Expression of mRNA transcripts encoding membrane transporters detected with whole transcriptome sequencing of human brain and liver

Abstract

Background: Membrane transporters control the influx and efflux of endogenous and xenobiotic substrates, including nutrients and drugs, across cellular membranes.

Objective: Whole transcriptome sequencing enables simultaneous analysis of overall and allele-specific mRNA expression, and the detection of multiple RNA isoforms.

Methods: Here we characterize variation in RNA transcripts emanating from gene loci encoding transporters based on RNAseq data from 10 human brains (including cocaine overdose and normal brain tissues) and 12 normal livers.

Results: mRNA expression was detected in 65% of transporter genes in either tissue, with many genes generating multiple mRNA transcripts. Single-nucleotide polymorphisms within transporters with previous evidence for pharmacogenomics impact were detected. We also identified noncoding RNAs in the vicinity of transporter genes with potential regulatory functions.

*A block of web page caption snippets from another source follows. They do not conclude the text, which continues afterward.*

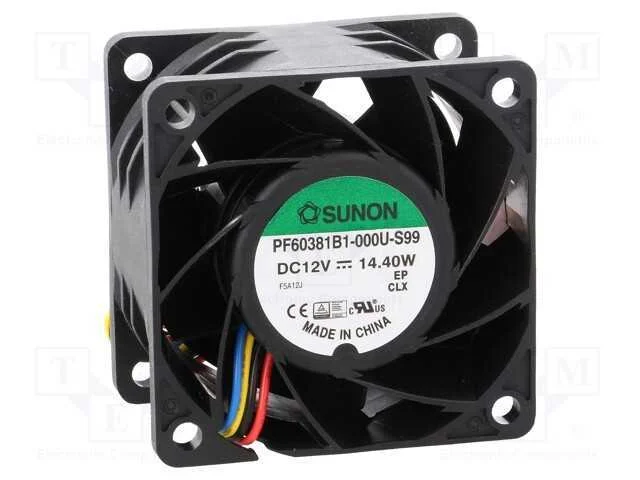 Ventilador: DC, transversal, 12VDC, 60x60x38mm, 1.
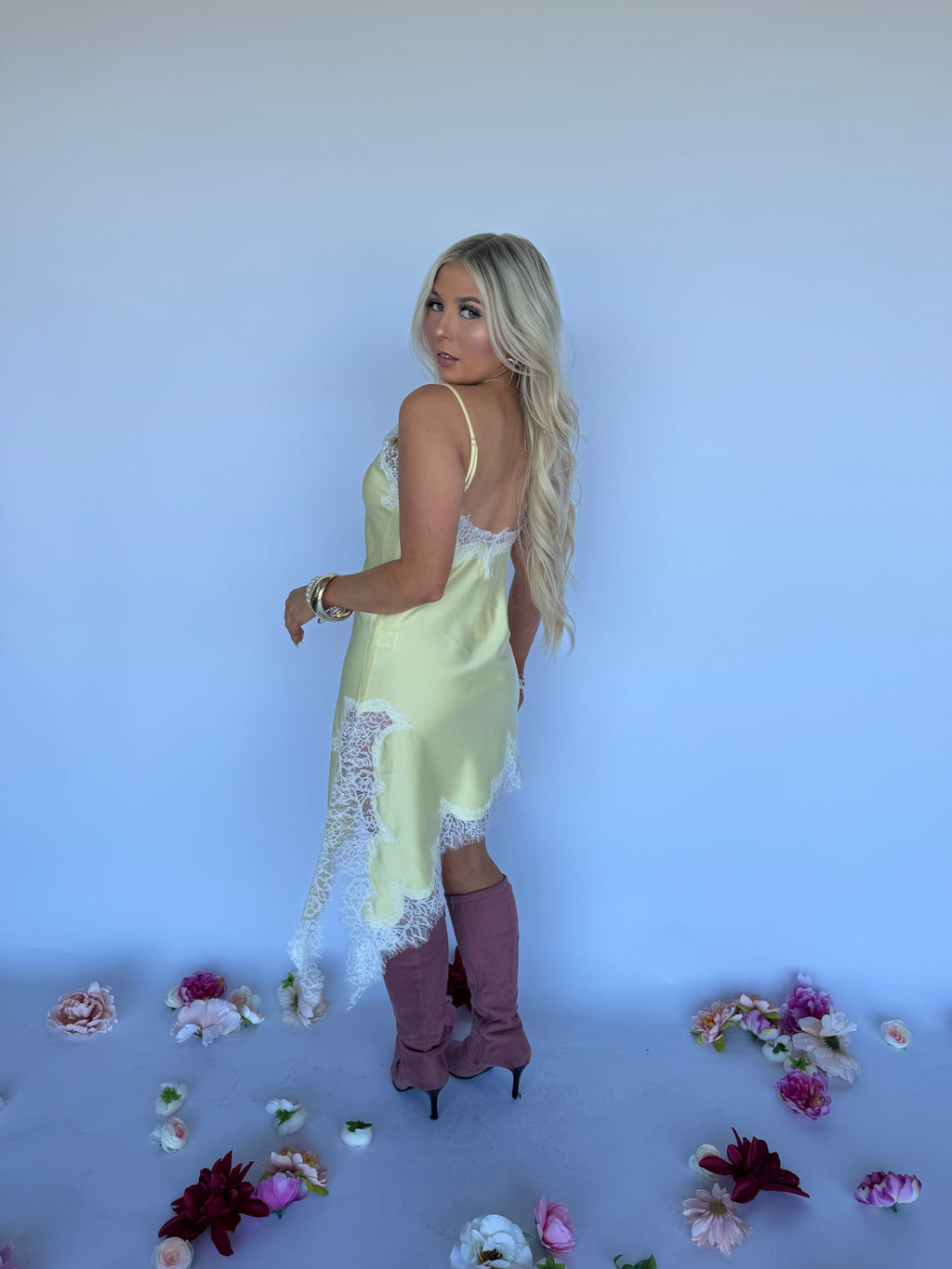 Stupid Song Lace Dress in Yellow FINAL SALE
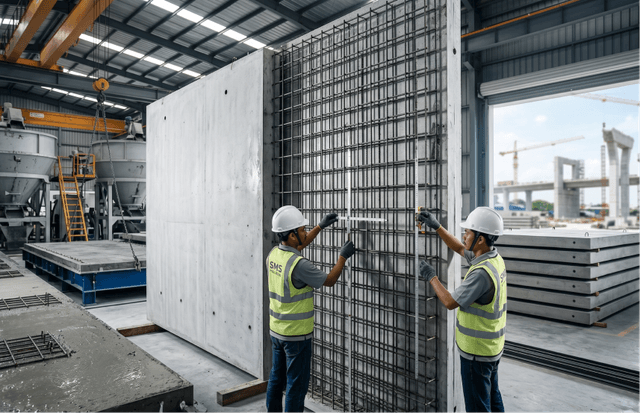 Dua pekerja pabrikasi melakukan pengukuran presisi pada susunan wiremesh yang berfungsi sebagai baja penulangan precast untuk panel dinding beton.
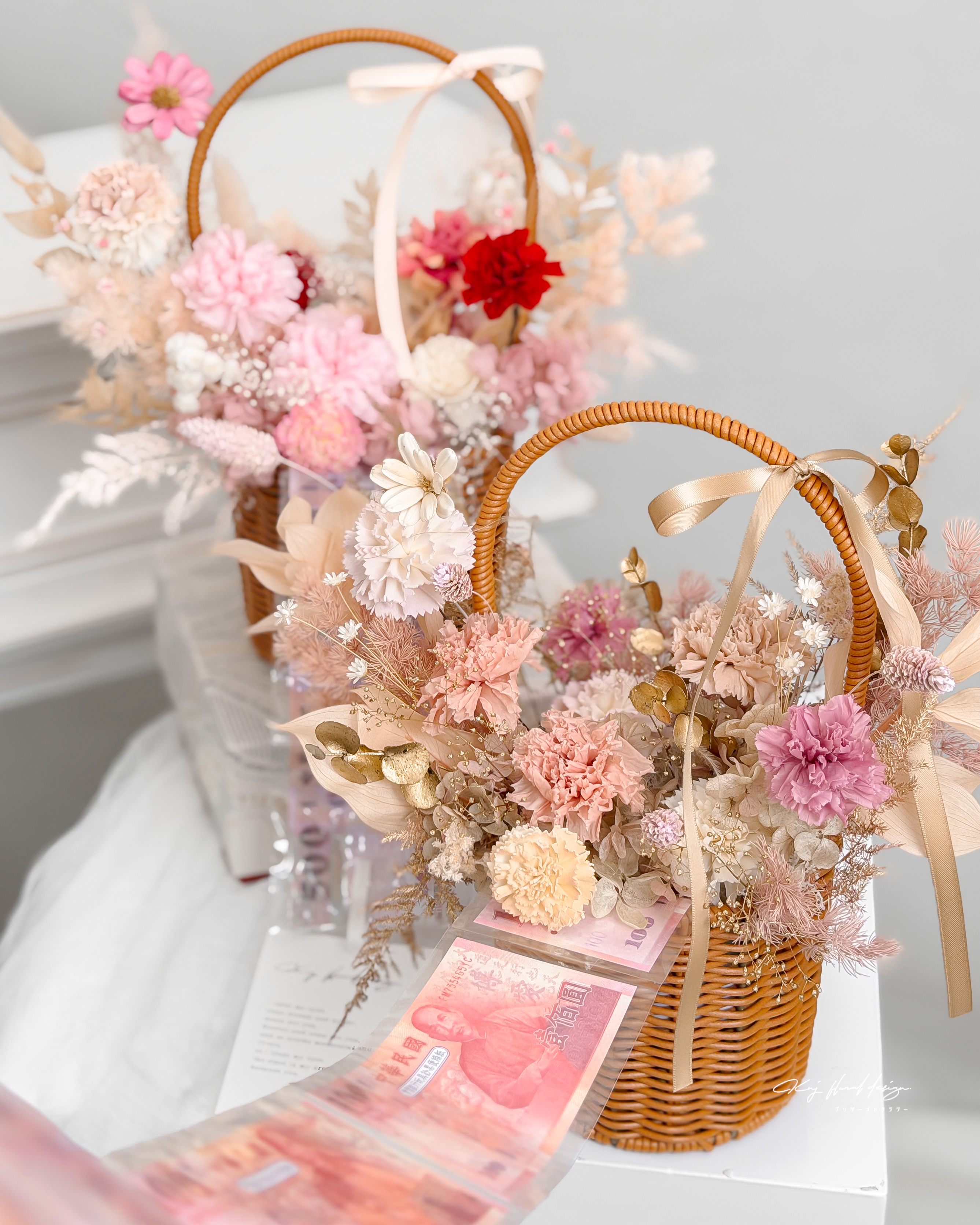 母親節手抽鈔票花籃（雙色可選）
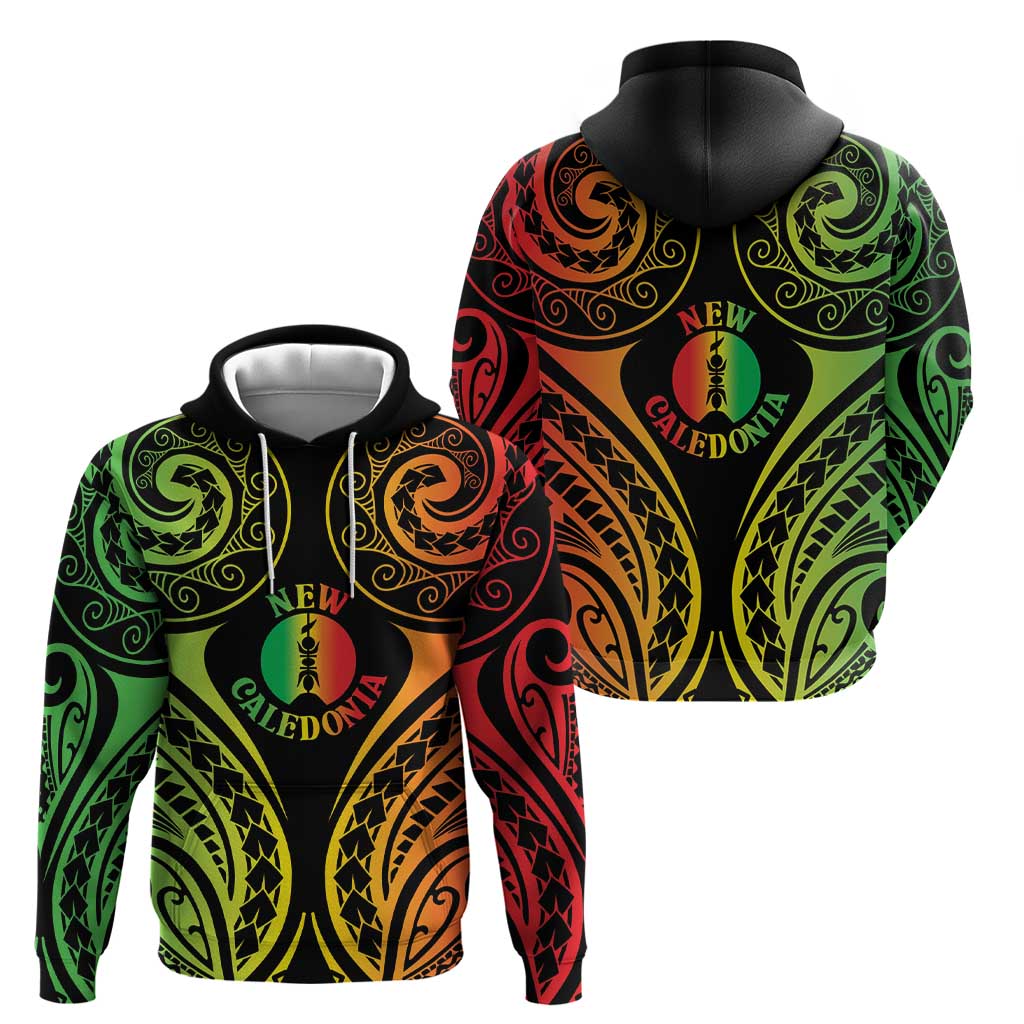 New Caledonia Day Zip Hoodie Polynesian Curves Reggae Color - Polynesian Pride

Conclusion: The results obtained with RNAseq provide detailed information on transporter mRNA expression at the molecular level, affording new avenues for the study of membrane transport, with relevance to drug efficacy and toxicity.

Fig. 1

Read alignments across SLC38A2, using the Integrative Genomic Viewer. Read alignments for four liver samples are shown. Although peaks locate over the annotated exonic regions, peaks also occur consistently within the intronic regions. The range of the histogram is between 0 and 1000 reads for each sample. The height of the peak indicates the number of reads covering a base location. Exon locations are indicated as gray boxes along the line at the bottom of the figure.

Fig. 2

Correlation of expression estimated by RNAseq and RT-PCR. Plot of the log₁₀ transform of the average measurement of expression by RT-PCR and RNAseq is shown. Brain and liver are plotted separately. Comparing each tissue separately yielded a correlation of r=0.94 for each.

Fig. 3

(a) Transcripts assembled by Cufflinks for SLC22A1. Transcripts assembled by Cufflinks for SLC22A1, limited to unique transcripts highlighting the major differences such as extended 3′-UTR or missing exons are shown, (b) Sizes of PCR products detected from SLC22A1. Shown are the peaks detected from fluorescent PCR of sequences from SLC22A1. Peaks with heights greater than 800 were detected at 1 04, 207, 221, and 321, corresponding to transcripts including or excluding of exons 9 and 10, consistent with the transcript predicted from RNAseq (Fig. 3a). UTR, untranslated region.